Since 2007, U.S. fuel producers have been required by law to include more and more ethanol and other biofuels in their blends.

Now, Pike Research suggests, the biofuels mandate enacted as part of the 2007 U.S. Energy Act may be vulnerable to renewed political pressure.

Pike notes that the drawbacks of conventionally produced biofuels--based on corn in the U.S. and rapeseed in Europe--are becoming more apparent at the same time that anticipated production of advanced biofuels has failed to materialize.

"Wish" not science

In January, a Federal appeals court tossed out the EPA's "cellulosic" ethanol requirement, saying it was based on a "wish" rather than factors fuel refiners could actually control.

The EPA had upheld its mandate last November despite a request from several parties that it be suspended.

So-called ellulosic biofuel is made from wood chips or the inedible parts of plants, including corncobs. In 2011, refiners had been required to blend 6.6 million gallons into gasoline and diesel vehicle fuels--although none was available on the market--and the 2012 quota rose to 8.65 million gallons.

Producers and refiners of fuels had already failed to meet the 2011 mandate--and paid $7 million in fines--due to lack of supplies.

Banning E15?

Now two bills recently introduced into Congress seek to delay or ban altogether the sale of E15 gasoline, which contains 15 percent ethanol rather than the 10-percent maximum standard since 1978.

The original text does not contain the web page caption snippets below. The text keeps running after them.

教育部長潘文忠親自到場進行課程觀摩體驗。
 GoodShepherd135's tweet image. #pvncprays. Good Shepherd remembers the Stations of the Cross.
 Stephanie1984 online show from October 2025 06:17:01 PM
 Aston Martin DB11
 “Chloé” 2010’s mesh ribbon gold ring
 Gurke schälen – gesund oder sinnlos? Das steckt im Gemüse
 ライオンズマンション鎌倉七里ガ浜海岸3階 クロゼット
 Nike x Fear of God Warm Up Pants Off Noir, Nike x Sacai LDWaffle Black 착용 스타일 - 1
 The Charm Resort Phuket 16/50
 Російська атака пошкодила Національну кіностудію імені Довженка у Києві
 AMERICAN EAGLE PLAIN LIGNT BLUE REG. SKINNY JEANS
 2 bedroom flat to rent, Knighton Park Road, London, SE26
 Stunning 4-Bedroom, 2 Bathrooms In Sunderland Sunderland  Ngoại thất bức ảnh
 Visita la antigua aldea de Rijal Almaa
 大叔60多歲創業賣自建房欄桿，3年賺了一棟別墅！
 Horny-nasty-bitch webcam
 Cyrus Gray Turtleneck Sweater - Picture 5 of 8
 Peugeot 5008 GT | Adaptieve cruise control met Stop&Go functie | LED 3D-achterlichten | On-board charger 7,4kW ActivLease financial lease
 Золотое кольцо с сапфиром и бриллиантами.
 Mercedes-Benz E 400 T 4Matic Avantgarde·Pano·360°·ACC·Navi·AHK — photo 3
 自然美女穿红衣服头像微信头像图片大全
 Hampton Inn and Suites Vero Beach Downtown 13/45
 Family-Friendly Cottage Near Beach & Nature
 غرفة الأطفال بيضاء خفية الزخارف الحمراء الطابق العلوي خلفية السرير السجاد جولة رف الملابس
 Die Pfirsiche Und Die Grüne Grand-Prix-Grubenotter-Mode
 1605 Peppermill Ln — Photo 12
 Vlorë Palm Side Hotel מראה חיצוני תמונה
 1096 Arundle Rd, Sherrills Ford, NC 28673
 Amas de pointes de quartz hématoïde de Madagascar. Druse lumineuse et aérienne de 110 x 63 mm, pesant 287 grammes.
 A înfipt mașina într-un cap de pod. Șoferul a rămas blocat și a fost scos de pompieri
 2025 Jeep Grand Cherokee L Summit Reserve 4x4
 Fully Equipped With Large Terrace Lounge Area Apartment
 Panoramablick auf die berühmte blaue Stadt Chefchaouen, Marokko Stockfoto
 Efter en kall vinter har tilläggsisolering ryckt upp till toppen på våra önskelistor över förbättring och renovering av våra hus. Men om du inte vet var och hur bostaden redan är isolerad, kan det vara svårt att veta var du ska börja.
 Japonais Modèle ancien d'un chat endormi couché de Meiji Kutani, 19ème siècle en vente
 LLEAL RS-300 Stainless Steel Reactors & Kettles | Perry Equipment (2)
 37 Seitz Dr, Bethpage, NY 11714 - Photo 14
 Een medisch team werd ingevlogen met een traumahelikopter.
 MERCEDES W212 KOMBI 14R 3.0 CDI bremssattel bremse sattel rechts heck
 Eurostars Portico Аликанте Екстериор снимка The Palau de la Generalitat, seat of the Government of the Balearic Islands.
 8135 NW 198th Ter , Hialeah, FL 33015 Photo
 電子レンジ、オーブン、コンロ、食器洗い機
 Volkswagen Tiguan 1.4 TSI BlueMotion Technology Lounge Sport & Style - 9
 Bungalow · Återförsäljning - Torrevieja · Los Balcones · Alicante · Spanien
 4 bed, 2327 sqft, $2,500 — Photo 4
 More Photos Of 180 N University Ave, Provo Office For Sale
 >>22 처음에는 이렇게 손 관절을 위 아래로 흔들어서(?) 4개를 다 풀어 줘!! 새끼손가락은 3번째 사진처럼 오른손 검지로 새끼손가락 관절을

As Hemmings Motor News noted last week, House Bill 875 requires that sales of E15 be suspended for at least 18 months while more testing is done of its effects on older cars and the large variety of small combustion engines that were never designed to accommodate that fuel.

Senate Bill 344 simply suspends the sale of E15 gasoline altogether.

The Renewable Fuel Standard (RFS) that carries out provisions of the 2007 Energy Independence and Security Act passed by Congress mandates that 36 billion gallons of ethanol to be used to fuel U.S. by 2022. That's more than three times the 11.1 billion gallons that were used in 2010.

But in December 2011, in the first sign of waning support for ethanol--long a main plank of the agriculture lobby--Congress ended subsidies for ethanol production that had been in place since 1980, along with import tariffs on imported ethanol.

The decline in support for ethanol, including the fight against E15, may signal a sea change in the political winds for the gasoline additive.

2012 Volkswagen Passat TDI test car running on Solazyme algae-derived diesel fuel

2012 Volkswagen Passat TDI test car running on Solazyme algae-derived diesel fuel

Biodiesel ascendant?

On the other hand, tests are now underway on sustainable diesel fuel--which is, admittedly, at a much earlier stage than the millions of gallons of ethanol being produced at  multiple operating U.S. refineries today.

Those include tests of algae-based biodiesel in Volkswagen TDI diesel cars, and the first commercial jet route using biofuel on a regular basis.

What do you think?

Is this just a tempest in a teapot: political posturing that won't end up affecting the slow rollout of E15 and other biofuels?

Or are we heading toward a tipping point where the mandates that specify increasing volumes of biofuels to be blended into our national fuel supply might actually fall?